▶ **HOW TO COMPLETE THIS TASK**
Set the data down again, exactly as it reads, but without the pictures.

▶ **DATA SHOWN**

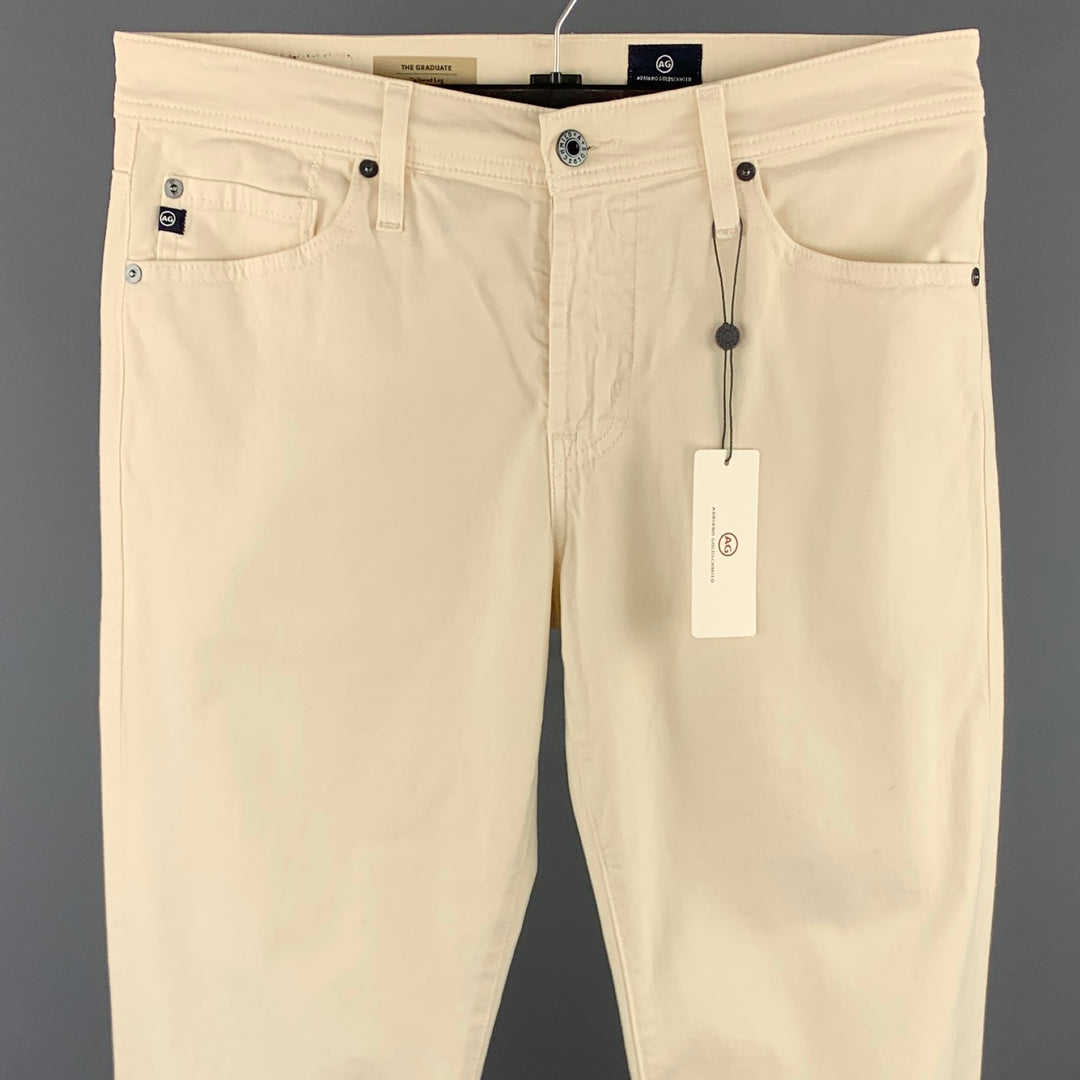 ADRIANO GOLDSCHMIED Size 30 Beige Cotton Zip Fly Jeans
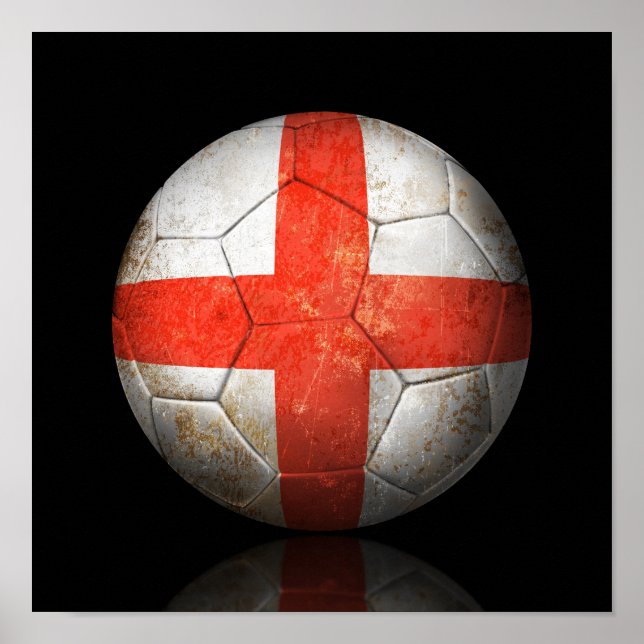 Poster Worn English Flag Football Soccer Ball (Frente)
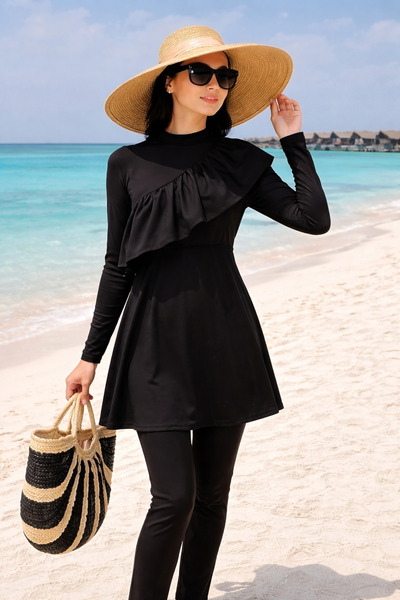 TheyYou Μαγιό με βολάν και λεπτομέρειες, πλήρως καλυμμένο, 2 τεμαχίων, κατάλλ...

▶ **WRITTEN REPLY**
 ADRIANO GOLDSCHMIED Size 30 Beige Cotton Zip Fly Jeans
 Poster Worn English Flag Football Soccer Ball (Frente)
 TheyYou Μαγιό με βολάν και λεπτομέρειες, πλήρως καλυμμένο, 2 τεμαχίων, κατάλλ...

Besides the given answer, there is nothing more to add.